Habitual hospital bombers

A fluke or a war crime?

U.S. warplanes bombed and destroyed a hospital operated by Doctors Without Borders (Médecins Sans Frontières/MSF) in Kunduz, Afghanistan, on Oct. 3. For 65 minutes, an AC-130U gunship circled the hospital, aiming cannon fire and incendiary munitions at its main building, housing the intensive care unit and operating and emergency rooms.

Doctors Without Borders staff members at the hospital in Kunduz destroyed by a U.S. military bombardment.Photo: Doctors Without Borders

Doctors Without Borders staff members at the hospital in Kunduz destroyed by a U.S. military bombardment.
Photo: Doctors Without Borders

Some 180 patients and staff were inside. At least 12 MSF personnel and 10 patients, all Afghans, were killed; some burned to death. Another 37 were wounded; 33 are still missing as of Oct. 12.

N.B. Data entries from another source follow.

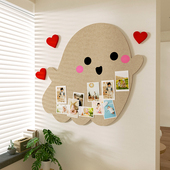 毛毡板照片墙房间装 饰背景板客厅高级感拍立得相片墙软木板展示墙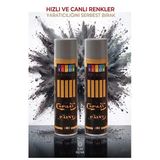 Gri Sprey Boya 200 Ml 2 Adet Südor Hızlı Kuruyan Renkli Profesyonel Canlı Renk Ahşap Plastik Demir Metal Porselen Cam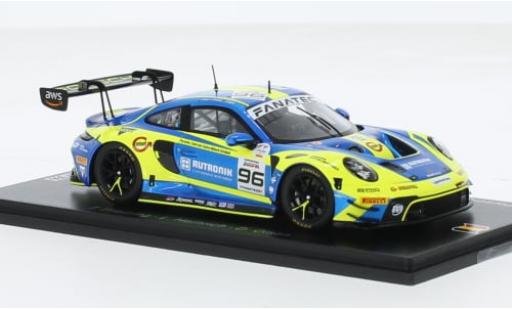 Coche miniatura Porsche 992 GT3 R 1/43 Spark 911  No.96 Rutronik Racing 24h Spa 2023 1:43 Porsche 992 GT3 R 1/43 Spark 911  No.96 Rutronik Racing 24h Spa 2023 1:43 coche miniatura
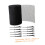 Gutter Guard Plastic Mesh Leaf Protector Prevents Clogs Easy CuttoFit Courtyard Drain Cover 2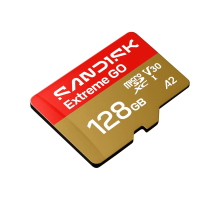 Карта памяти SanDisk Extreme GO 128GB microSD™ UHS-I Card без адаптера (240/120 MB/s V30 U3 A2)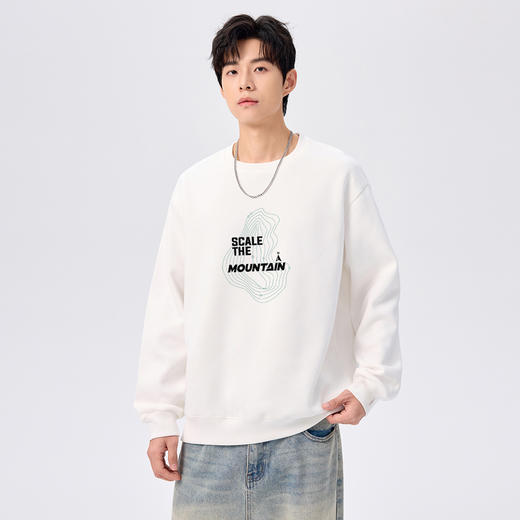 情侣款圆领卫衣2025秋款日常百搭校园通勤青少年打底衫上衣男K&C 商品图1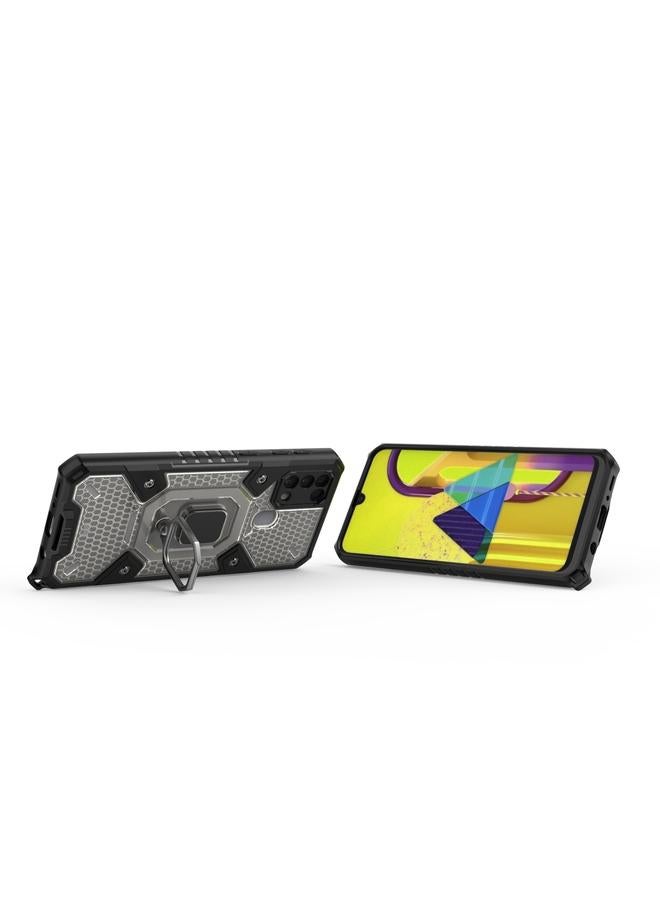 S-TOP Case For Samsung Galaxy M31 Space PC+TPU Ring Holder Protective Case - Image 4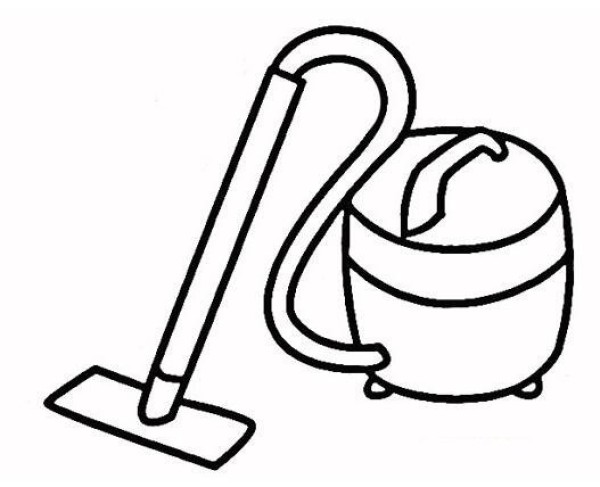 How to draw a simple and beautiful vacuum cleaner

To prevent such an attack, hospital staff had repeatedly reported their GPS coordinates to U.S., NATO and Afghan forces. During the bombing, MSF officials called U.S. officials in Kabul and Washington, including the Pentagon’s Joint Staff, pleading for them to stop the airstrikes. But the strikes continued for another 30 minutes.

Consequently, MSF left Kunduz. Northern Afghanistan is now without a trauma center to treat war injuries. The aid organization charges the U.S. with committing a war crime in violation of basic human rights, and humanitarian and international law. MSF asserts the bombing was an attack on the Geneva Conventions, which protect civilians, including medical workers, and prohibit bombings of hospitals in war zones. The U.S. ratified these principles in 1955.

Hearing a global outcry, the Pentagon changed its story four times. It kept insisting the airstrikes were “accidental.” Now Gen. John Campbell, commander of U.S. forces in Afghanistan, admits the lethal assault was the result of a “U.S. decision made within the U.S. chain of command.” So far the military refuses to provide details.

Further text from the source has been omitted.